Chip Multithreading System Need a New Operating System Scheduler
Authors: Alexandra Fedorova, Christopher Small, Daniel Nussbaum, and Margo Seltzer (Harvard University, Sun Microsystems)
Published in: USENIX 2005
Question–Answer Form
1. What is your take-away message from this paper?
At the time the paper was written, schedulers did not take advantage of multithreading in hardware, which led to lost potential performance especially for OLTP workloads where threads have contention for CPU resources. The new metric called instruction delay latency gives useful insight for how to benchmark CPU utilization, but it does not take into account other CPU resources such as caches.
2. What is the motivation for this work?
-
What is the people problem and the
technical problem?
- Modern server applications (web services, online transaction systems) had poor utilization for CPU pipeline.
-
How is it distilled into a research question?

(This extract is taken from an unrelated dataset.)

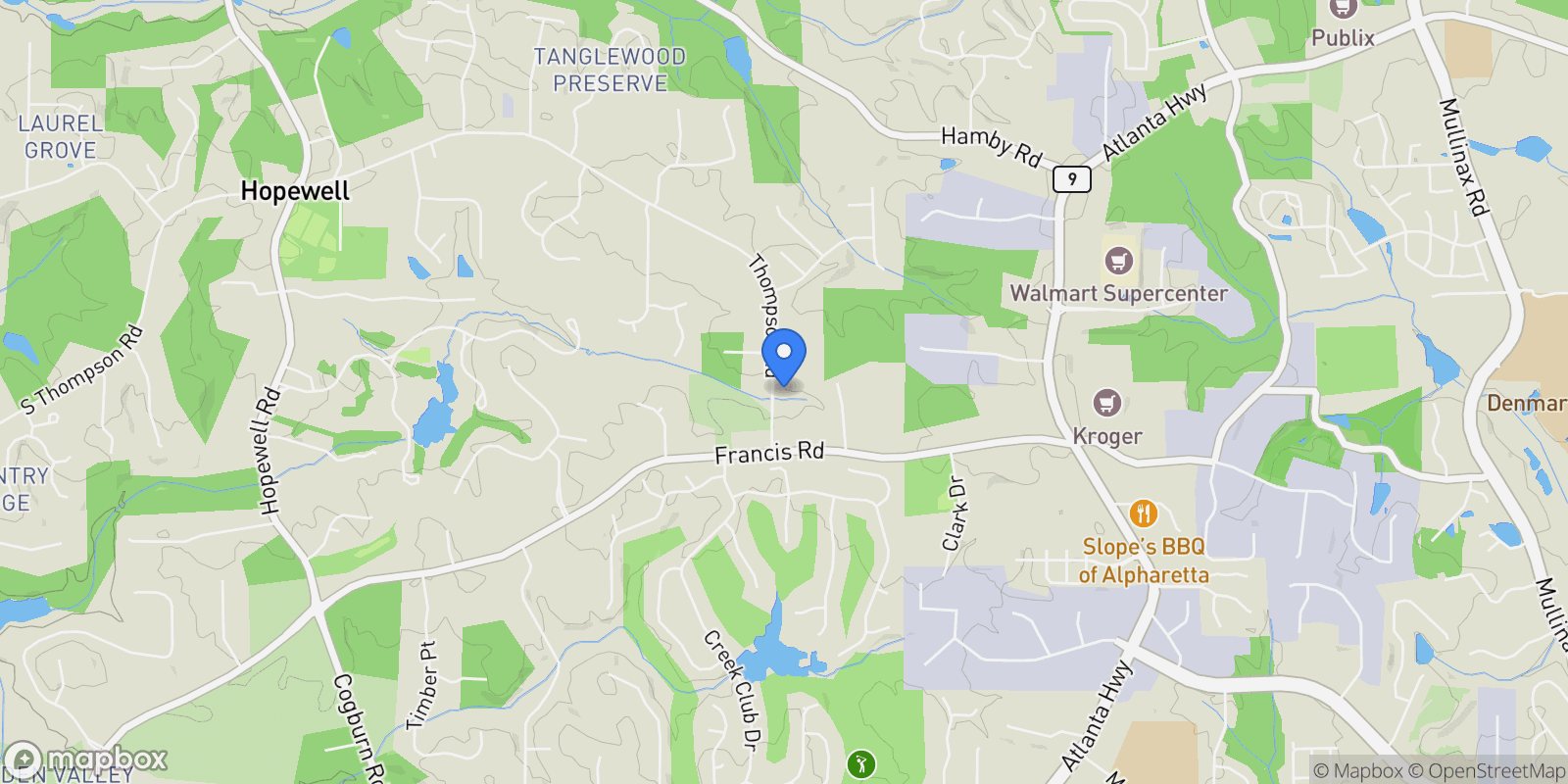 Map showing 16050 Thompson Road, Milton, GA 30004, Milton, Georgia, United States.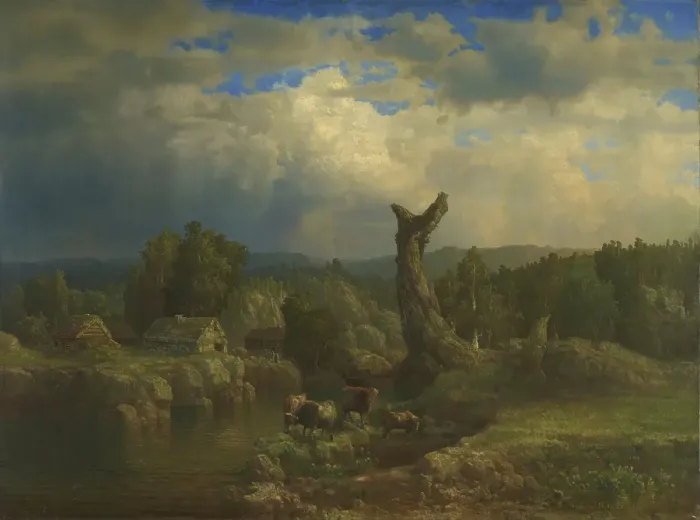 Framed Print : Summer Landscape, Thunder Looms, 1856. Creator: Lars Hertervig Framed Print : Summer Landscape, Thunder Looms, 1856. Creator: Lars Hertervig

- CMP (chip multiprocessing) and hardware multithreading (MT) were designed to improve processor utilization for OLTP workloads, but the scheduler policy did not take advantage of new CPU architecture.
-
Why doesn't the people problem have a trivial
solution?
- OLTP workload requires hundreds of threads which leads to 10^27 combinations to evaluate, hence the need for different designs
- Modeling resource contention is a hard problem; good prediction is difficult to achieve
-
What are the previous solutions, and why are they
inadequate?
- Previous solutions ran on MT systems which yielded 17% improvement but were not designed for CMP.
3. What is the proposed solution (hypothesis, idea, design)?
-
Why is it believed this solution will work?
- CPI (cycles-per-instruction) is used as a heuristic to measure workload
- From the experiments it is observed that instruction mix between long-latency instruction and short-latency instructions yield the best CPU ultilization because it can interleaves execution from threads
-
How does it represent an improvement?
- specialized scheduler for CMT systems has the potential for a much greater gain—it can improve application performance by as much as a factor of two over a naïve scheduler.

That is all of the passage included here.